While mulling over project ideas and browsing Twitter earlier today I ran across http://opendataphilly.org/. Per their website OpenDataPhilly "is a portal that provides access to over 175 data sets, applications, and APIs related to the Philadelphia region. Simply accessing data, however, is not the ultimate goal of OpenDataPhilly. By connecting people with data, we’re hoping to encourage users to take the data and transform it into creative applications, projects, and visualizations that demonstrate the power that data can have in understanding and shaping our communities." This sounded intriguing enough, so I began sorting through the available data. After browsing for a while I ran across a set of all bicycle thefts reported to the Philadelphia police department from January 1st, 2010 to September 16th, 2013. I thought it would be interesting to see what type of questions this data set could answer, so I downloaded the CSV and opened up iPython.
First I imported the appropriate libraries, in this case it was Pandas and Matplotlib. I then loaded the data and took a quick look at it using the .head() method which displays the the first 5 rows by default.
Next I took only the columns I was interested in using for this analysis and renamed them to make life easier during the rest of the process. The Value_Code column breaks the bike value into three categories. 615 is a bike over 200 dollars, 625 is a bike between 50 and 200 dollars and 635 is a bike valued under 50 dollars.
After I had the data imported and cleaned up I wanted to get a better feel for what I was looking at so I created a plot of the thefts over the entire time period.
Something that stood out immediately was how many more thefts occured in the warmer months than in the winter. This reminded me of a few articles I had read on this topic, such as this from the WSJ.
After seeing this coorelation I downloaded some weather data for Philadelphia going back to January 1st, 2010(where the theft reporting begins) and loaded it in.
Looks pretty familiary doesnt it?
After I had both dataframes loaded I then merged them together.
Next I started breaking the dates down to see when the most crimes occured. First by year, note that 2013 is significantly lower because the data set ended in September, leaving out the last three months of the year.

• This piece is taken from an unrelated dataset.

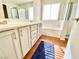 Bright bathroom featuring double sinks, bathtub, and glass enclosed shower at 3372 Wayward Ct, Las Vegas, NV 89129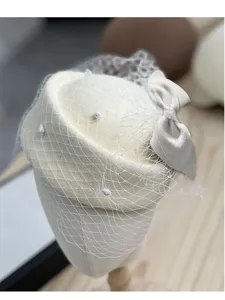Detalle de sombrero pillbox de lana, velo de malla y lazo, accesorio de mujer elegante primer plano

Then I broke it down by month, as you can see the two hottest months are on top with almost ten times the thefts compared to the colder months.
I then seperated the data by hour, looks like most thefts occur at the end of the work day into the evening.
After seperating everything by time I began working with the actual value of the bikes, seems that most bikes taken are in the two to five hundred dollar range.
Next up was seeing the most theft prone blocks and creating a simple map of every theft:
This was by no means an exhaustive analysis but rather a quick experiment, It still brought up some intriguing points and strong correlations which would interesting to take a step further and test for causation. In the future I would like to add a machine learning aspect to this to estimate probabilites your bike will be stolen based on time of year, location, cost of bike etc. I would also like to create more advanced visualizations, possibily with D3.